На миг мне показалось, что я слышал женский смех, но это, все же, только показалось. Мотнув головой, я пошел облачаться в доспехи. В противоположной стене зала виднелся еще один проход. До того, как «потух» фонтан, он не сильно выделялся. Если предыдущий туннель был весьма солидного размера — по нему бы спокойно проехала бы газель или большой внедорожник, то этот был весьма скромным — чуть меньше метра в ширину и в высоту чуть больше двух со сводчатым потолком. Идти тут мне было очень некомфортно — все время казалось, что я или притрусь боками, или черкану шлемом по потолку. Да только выбора у меня не было — туннель в другую сторону, откуда я вылез, исчез. В этот раз путь вышел не очень долгим — я вышел в круглый зал с еще тремя выходами, всюду по залу валялись кучки какого-то хлама. И около того выхода, откуда я вышел, сидел мертвец в доспехах. Он давно истлел, покрылся паутиной и каким-то налетом. Его меч был ржав, его доспехи утратили былой блеск, если он у них когда-то и был. В руке он сжимал кожаный тубус, который выглядел более-менее целым и я вытащил его из руки трупа. Скрутил пробку, что снималась с тубуса со скрипом, настолько была иссушена временем. Внутри оказался свернутый в трубочку лист бумаги в коричневых пятнах, по форме подозрительно напоминающие отпечатки пальцев. Я развернул его и уставился на незнакомые символы, что, спустя секунду, побежали перед глазами и сложись во вполне понятный текст:
«Писано в год тысяча триста двадцать третий от Краха, в восьмой день цветения. Братья, передайте мои бренные останки семье для погребения и проведения ритуалов. Я стойко выполнил долг, оставшись один, но защитив проход в купель Матери от поганых абисситов. Мои раны тяжелы, и я в скорости умру от потери крови. Сознание выполненного долга греет душу мою, братья. К несчастию, не далее, как вчера, мы опускали проклятую Врагами Настоятельницу в купель Матери и потому сейчас она для меня бесполезна — накопленных в ней сил не хватит и на десятую часть тех ран, что нанесли мне Враги рода человеческого. Но я верю, что найдется хотя бы тот, кто сможет передать весть обо мне в родные земли, если донести останки будет ему не по силам. Прощайте! Воин-храмовник Инвар Ферул.»

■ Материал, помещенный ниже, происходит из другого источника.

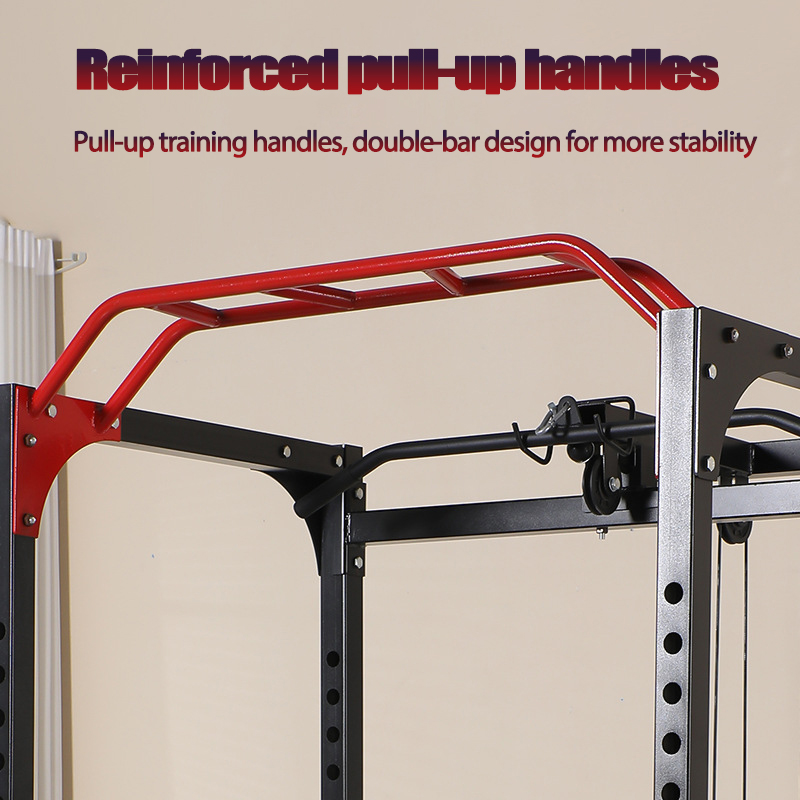 Rak Squat Power Cage Komersial - Pull Up Bar Grip ulasan dan harga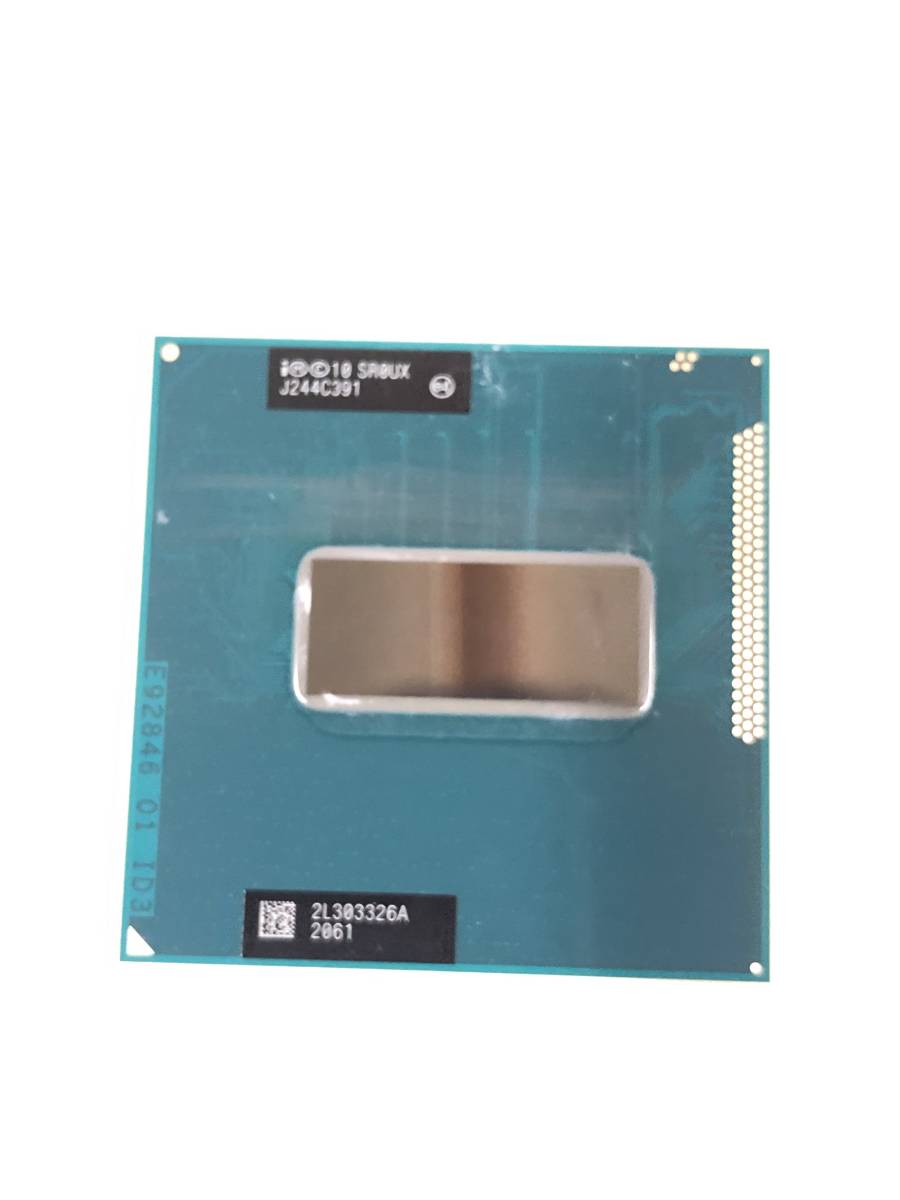 【中古パーツ】複数購入可CPU Intel Core i7-3630QM 2.4GHz TB 3.4GHz SR0UX Socket G2( rPGA988B) 4コア8スレッド動作品ノートパソコン用 _画像2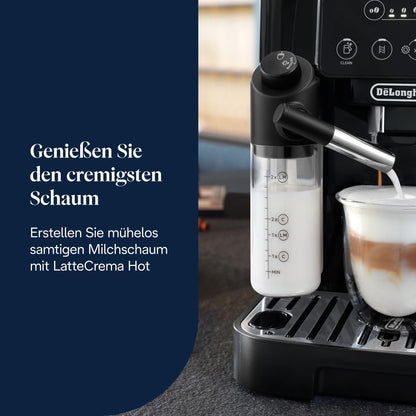 Magnifica Start (ECAM220.91.B)- Perfetto Kaffeevollautomat,4 One-Touch-Getränke,Cappuccino,Espresso Kaffeemaschine,Soft-Touch-Bedienfeld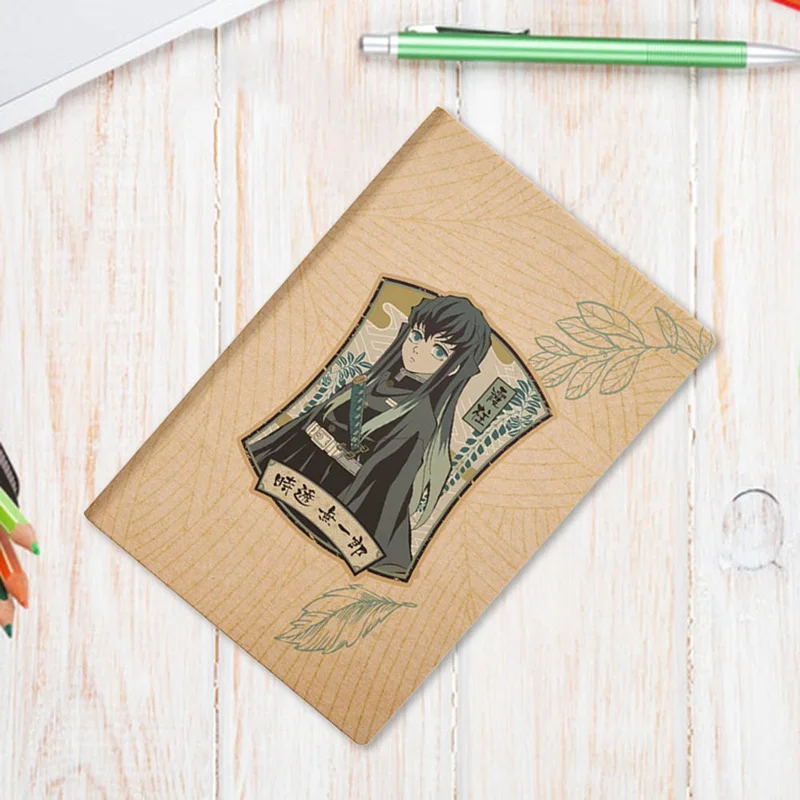 

Anime Demon Slayer Kimetsu No Yaiba Cartoon Notebook Office School Student Learning Stationery Friend Classmate Gift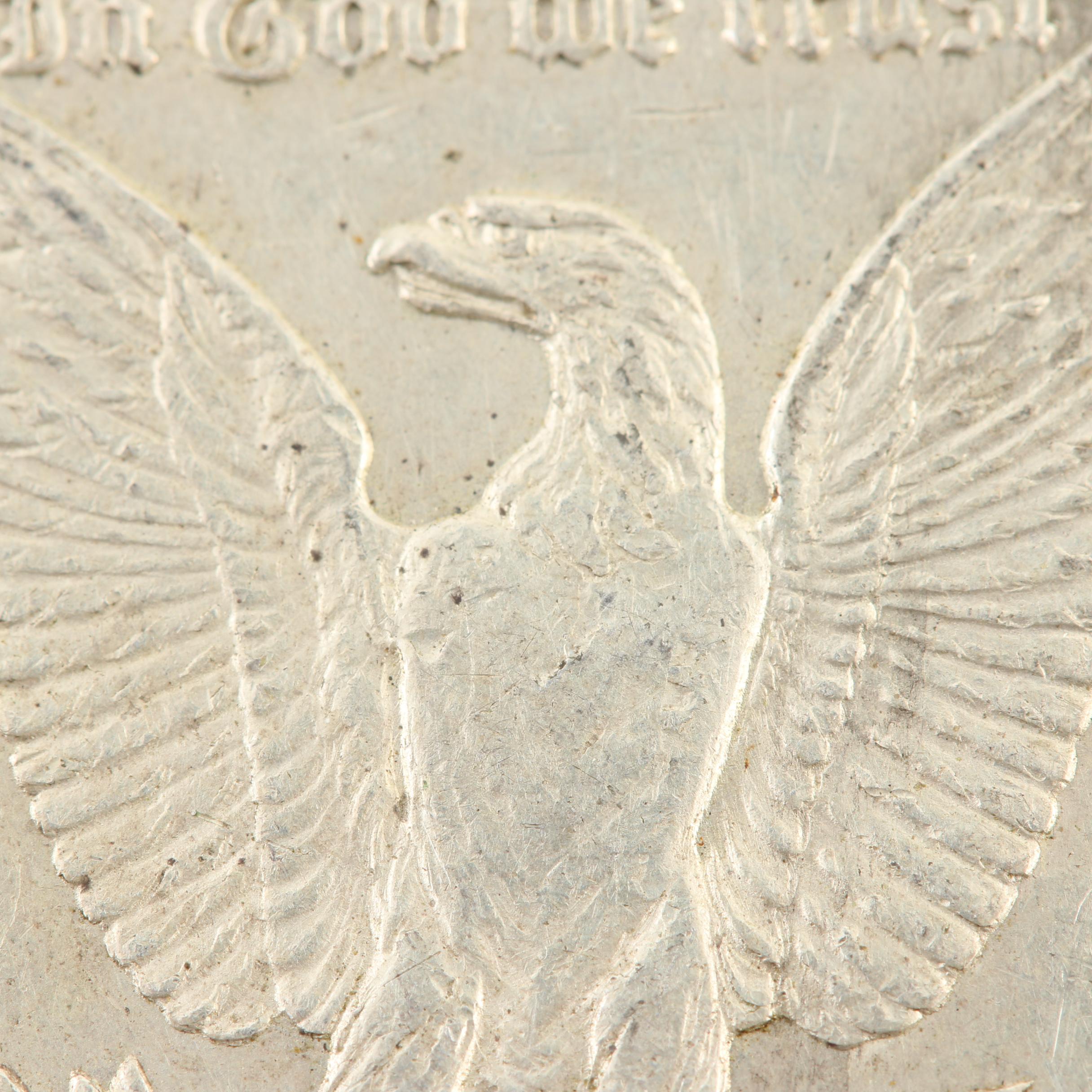 Five Morgan Silver Dollars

— Херотень какая-то — я почесал голову, забыв, что на мне шлем, пусть и с поднятым забралом. В итоге просто поскрежетал перчаткой по железке, — Хоть бы кто-то мне объяснил, что здесь происходит?
Озадаченный и раздосадованный, пнул одну из кучек в зале. Оттуда выкатился небольшой череп, похожий на крысиный. Но для крысы он был явно великоват. Его обладатель, скорее, был размером где-то с не очень крупную собаку, типа корги. Я разворошил кучку и нашел длинные, но довольно тонкие кости конечностей со здоровенными когтями, которые росли прямо от кости, что показалось мне очень странным. Насколько я знаю, когти — это ближе к волосам, чем к костям… И расти так они не должны точно. Я перешел к другой кучке — одной из трех, которые отличались размером и разворошил ее. Оттуда на меня глянул рассечённый наискосок череп с рядами ослепительно белых зубов и выдающимися клыками. Глазницы и нос были явно совершенно не той формы, что может быть у людей. Разве что у этого товарища были какие-то серьезные генетические отклонения. Я еще поворошил в куче, но ничего толком не нашел. Остатки какого-то амулета и кольцо брать не стал, помня о том, что вещи могут быть прокляты, как было с тем браслетом. Хотя конкретно от этих я никаких проблем не ощущал… Подумал, все-таки вернулся и, подцепив кольцо когтем из кучки, закинул его в тубус с бумагой. Разворошил следующую кучку и стал обладателем куска хрусталя в оправе на серебряной цепочке. Он отправился туда же. В последней же нашел, внезапно, набор инструментов из нержавейки или какого-то ее аналога в покрытом письменами кожаном чехле. Он, на удивление, выглядел весьма неплохо. Как и сами инструменты… скальпели, зажимы, небольшая пила и прочие игрушки юного полевого хирурга. Кроме того, еще пару колец и стремного вида амулет из кости, который брать, на всякий случай, не стал. Кольца же отправились в тубус. Чехол повесил на пояс, благо, у него был весьма удобный ремень. Обшаривать труп павшего воина я не стал из уважения к нему.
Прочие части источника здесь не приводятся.